Ce prénom ancien la rend unique. Un prénom démodé pour une jeune femme née à la fin des années 80, entre Tchernobyl et la chute du mur de Berlin, avec un avenir coincé entre catastrophe et espoir vite déçu, comme elle le fait remarquer.

Elle a été désirée, aimée, fut une très bonne élève et a décidé d’être comédienne. Elle a désormais 30 ans et quelques désillusions. Enfoncée dans son fauteuil, en pyjama confortable, elle revient sur son parcours depuis son enfance jusqu’à aujourd’hui. La génération Y à laquelle elle appartient a connu bien des bouleversements, technologiques d’abord, politiques aussi, qui l’ont un peu écrasée.

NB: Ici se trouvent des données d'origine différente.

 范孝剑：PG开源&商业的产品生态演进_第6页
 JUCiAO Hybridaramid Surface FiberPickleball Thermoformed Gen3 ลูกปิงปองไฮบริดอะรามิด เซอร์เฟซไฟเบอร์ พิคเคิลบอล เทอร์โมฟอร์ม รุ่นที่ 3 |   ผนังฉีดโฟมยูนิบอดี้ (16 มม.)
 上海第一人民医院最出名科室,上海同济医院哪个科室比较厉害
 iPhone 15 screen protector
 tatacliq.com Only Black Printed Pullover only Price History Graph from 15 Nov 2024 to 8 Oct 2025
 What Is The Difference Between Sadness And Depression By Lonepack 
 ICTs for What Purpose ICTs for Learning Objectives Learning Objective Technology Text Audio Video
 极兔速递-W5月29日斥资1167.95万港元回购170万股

Clothilde Aubert a écrit un texte vif, drôle, bourré d’humour. On la suit au gré de ses élans, puis de ses déceptions, des moments où elle n’a envie que de rester devant la télé à ceux des grandes résolutions. Elle a cru à la paix et a découvert que les guerres étaient toujours là avec leur cortège de morts innombrables, elle a cru que les femmes avaient conquis leur place et découvre que le patriarcat domine toujours y compris le monde du théâtre, elle a cru que la vie était géniale. Mais elle a déchanté, et depuis elle procrastine.

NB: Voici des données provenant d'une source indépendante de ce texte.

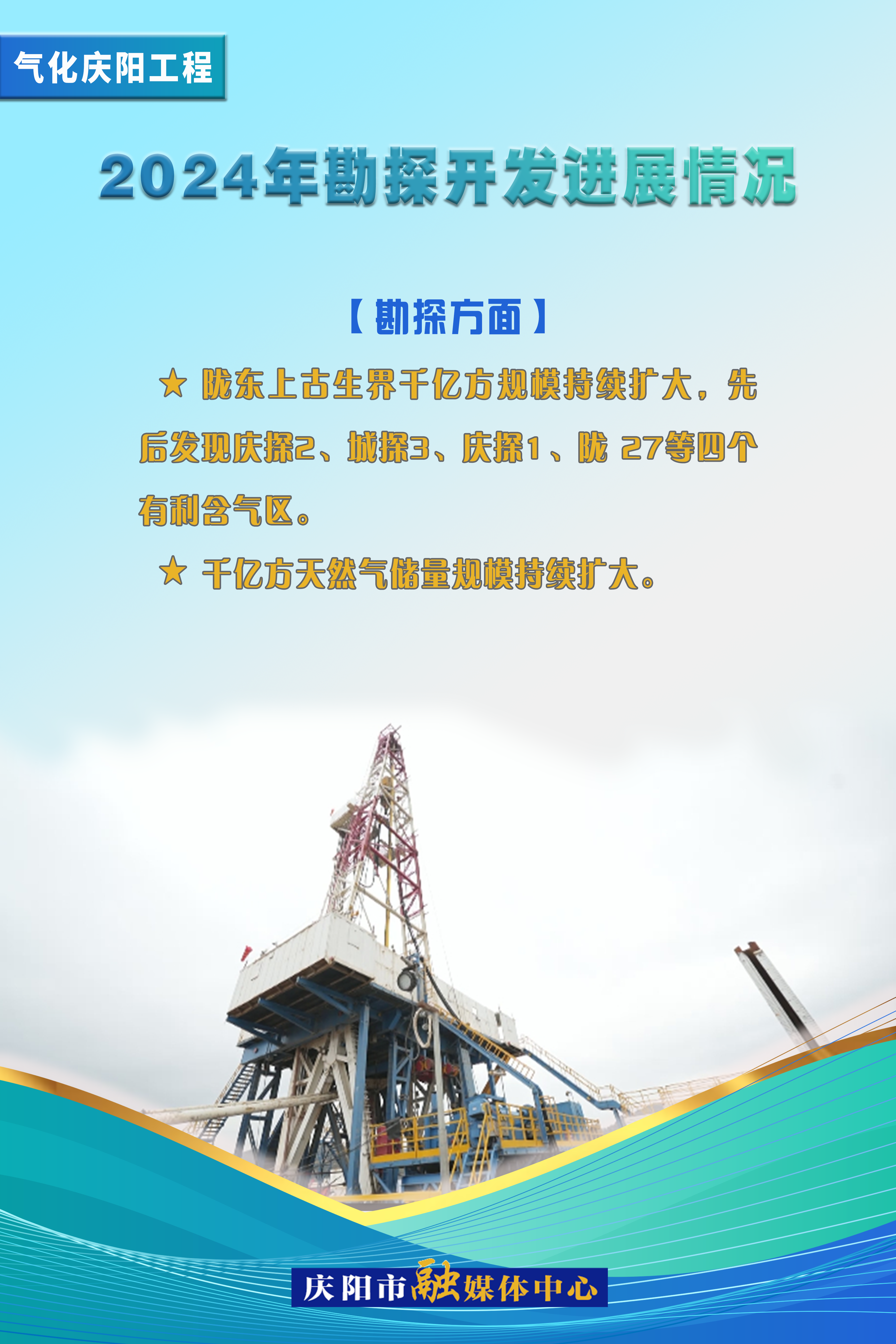 【氣化慶陽進(jìn)行時(shí)】2024年勘探開發(fā)進(jìn)展情況——勘探方面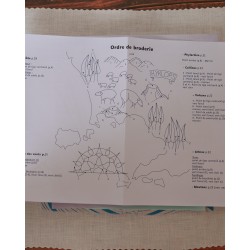 Kopie van Troie - Kit de broderie d'une carte marine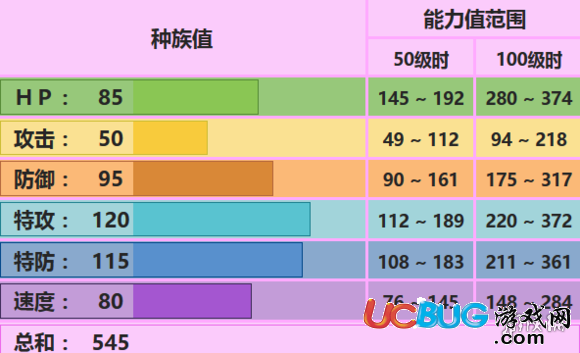 巨钳螳螂mega性格_巨钳螳螂什么属性_巨钳螳螂性格配招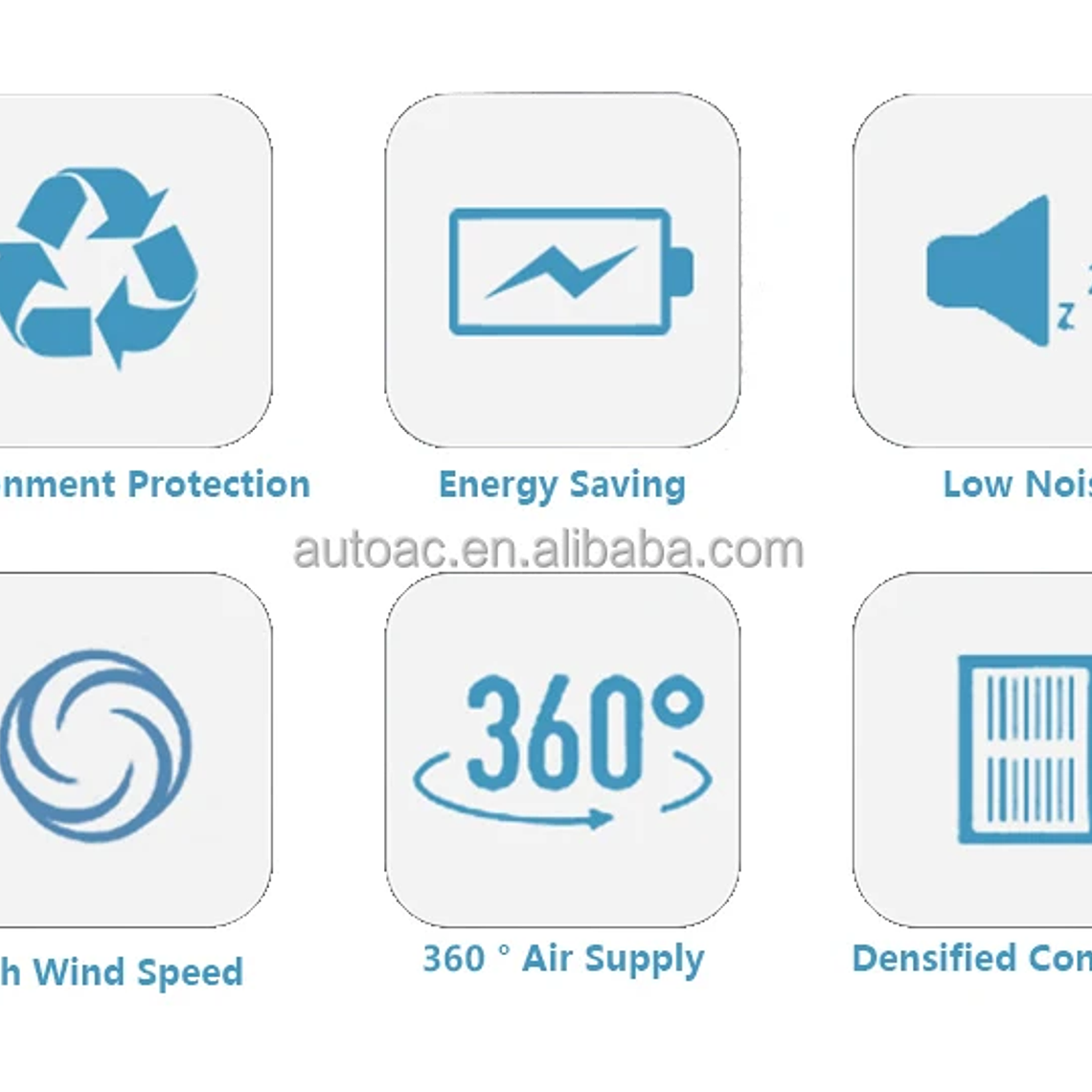 Treeligo 10500BTU aire acondicionado de refrigeración de estacionamiento eléctrico para coche 12V/24V unidad de aire acondicionado de aire dividido para camión caravana Camper Van RV 17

Clothilde Aubert, mise en scène par Stéphane Colle qui signe aussi les éclairages, est Yvonne, oscillant des élans au renoncement, de l’engagement enthousiaste à la désillusion. Yeux écarquillés, vissée dans son fauteuil, elle déprime n’ayant qu’une envie, rester devant les séries de la télé à l’abri chez elle. Elle se dit que le monde irait mieux si tout le monde restait en pyjama ! Ce fauteuil elle le fait aussi tourner, s’en extrait, le déplace, crie ses indignations. Puis un jour elle quitte son pyjama protecteur, elle enfile une robe rouge, bleue et or, des escarpins rouges et une couronne pour enjoindre tous ceux de sa génération, qui dépriment, à quitter l’angoisse du « pourquoi » pour se dire « Pourquoi pas ? ». Le spectacle s’achève par la lettre de son grand-père en fin de vie qui trouve les mots qu’il n’avait pas su lui dire auparavant. Peut-être sa tendresse va-t-elle la consoler et l’armer pour repartir au combat de la vie ?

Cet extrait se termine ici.